**WHAT TO PRODUCE**:
Below are some records. Write out exactly their lines from the one with "Endometriosi - Panchina" through the one with "Happy Housewife Christopher", and leave the pictures behind.

**EXERCISE DATA**:
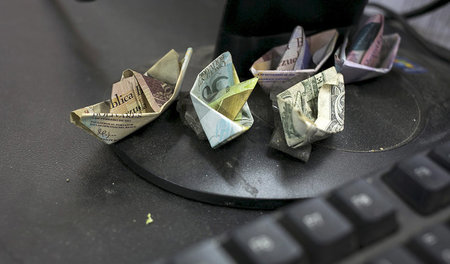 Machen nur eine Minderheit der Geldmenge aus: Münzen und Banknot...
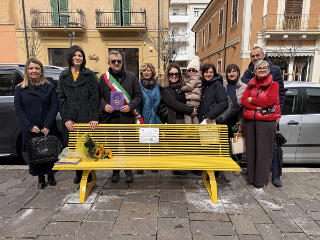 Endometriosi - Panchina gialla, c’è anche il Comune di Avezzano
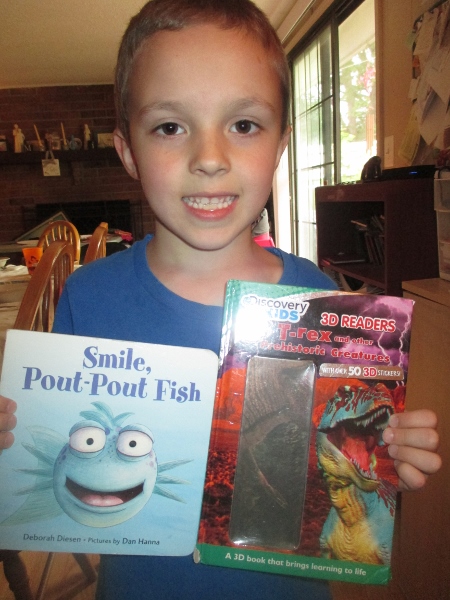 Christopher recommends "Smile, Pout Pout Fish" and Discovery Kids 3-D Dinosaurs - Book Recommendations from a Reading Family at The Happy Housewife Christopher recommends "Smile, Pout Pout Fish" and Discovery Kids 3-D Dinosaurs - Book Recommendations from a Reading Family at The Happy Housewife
---
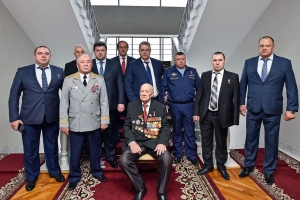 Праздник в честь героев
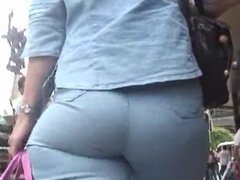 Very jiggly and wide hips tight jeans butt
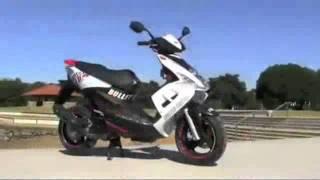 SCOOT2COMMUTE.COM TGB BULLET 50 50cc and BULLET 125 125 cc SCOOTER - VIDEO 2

**SOLVED EXERCISE**:
 Endometriosi - Panchina gialla, c’è anche il Comune di Avezzano
 Christopher recommends "Smile, Pout Pout Fish" and Discovery Kids 3-D Dinosaurs - Book Recommendations from a Reading Family at The Happy Housewife Christopher recommends "Smile, Pout Pout Fish" and Discovery Kids 3-D Dinosaurs - Book Recommendations from a Reading Family at The Happy Housewife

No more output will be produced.